# Telling the audience to get up on stage



## Obfuscator (May 9, 2011)

What do you guys think about the bands that tell/force the audience to get up on stage/mosh/do something.

I think its kinda annoying but you guys think it really helps the band's stage presence?


----------



## avenger (May 9, 2011)

I think its fine to say something like "fucking mosh!" or yell something to tell people now is the time to go crazy if its at a break just before a huge part of the song comes in.

But begging people to do something is lame.


----------



## Explorer (May 9, 2011)

Purely from an audience management point of view, it's easy to have the audience do an action which has a motivation, and hard to do one which has less motivation.

Getting on stage could seem neat for a variety of reasons: being near the band, a troublemaker liking being the center of attention, etc.

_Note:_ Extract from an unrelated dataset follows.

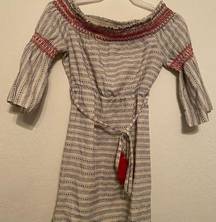 A Calin Smocked Boho Dress M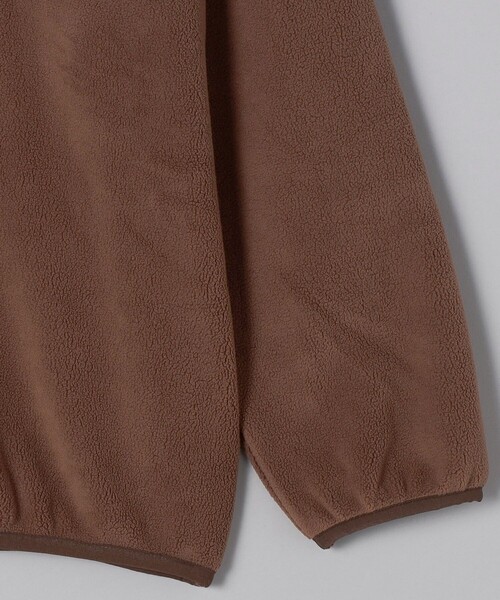 FREAK'S STORE（フリークスストア）の「限定展開 KIDS ハーフスナップフリースPO / キッズ / 子供服 /フリース プルオーバー（その他アウター・キッズ・ブラウン/ブラック/ベージュ/サックスブルー・150/130/110/140/120）」の9枚目の写真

Getting off stage doesn't seem as neat. Why would someone leave? Politeness. What about the troublemaker who likes being the center of attention, though? Why would such a person get off stage, especially if there is more payoff by humiliating the band?

And now, imagine that there is more than one troublemaker on the stage. "Hey, neat mic! I'm taking it!" "Hey, cool guitars back on this rack!" 

Thanks, but no thanks. Why take the risk?


----------



## Bloody_Inferno (May 9, 2011)

Seriously, Explorer said it best.


----------



## soliloquy (May 9, 2011)

theres a video of Zakk Wylde floating around where he pulled a few people from the crowd onto the stage, and threw his guitar on one of the guys. the awesome part about it was that the guy knew how to play the song, so he started playing. i thought that was the coolest thing ever! 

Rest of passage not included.